**Directions for this task**. Without any of its pictures, the listing below should be output exactly.

**Data excerpt**.
|---|
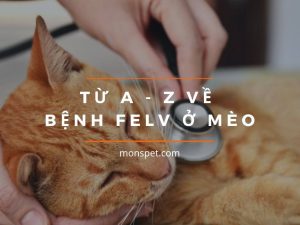 Virus gây bệnh leukemia – bệnh bạch cầu ở mèo (FeLV)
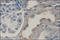 COX2 antibody, 252153, Abbiotec, Immunohistochemistry paraffin image 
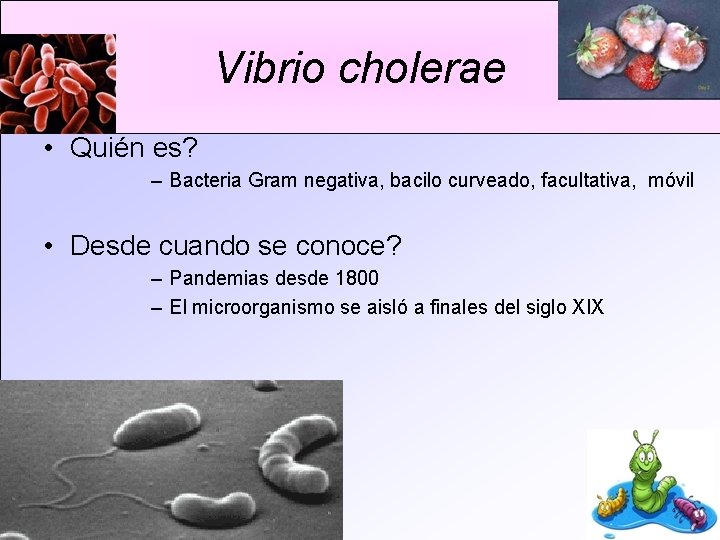 Vibrio cholerae • Quién es? – Bacteria Gram negativa, bacilo curveado, facultativa, móvil •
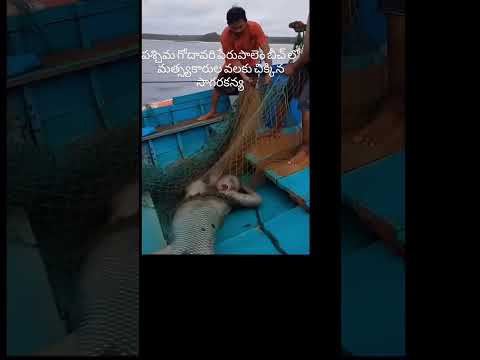 peru palem beach lo dhorikina sagara kanya😎😅#youtube##trending##viral##new shorts##subscribe#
|---|
**Answer space**.
 Virus gây bệnh leukemia – bệnh bạch cầu ở mèo (FeLV)
 COX2 antibody, 252153, Abbiotec, Immunohistochemistry paraffin image 
 Vibrio cholerae • Quién es? – Bacteria Gram negativa, bacilo curveado, facultativa, móvil •
 peru palem beach lo dhorikina sagara kanya😎😅#youtube##trending##viral##new shorts##subscribe#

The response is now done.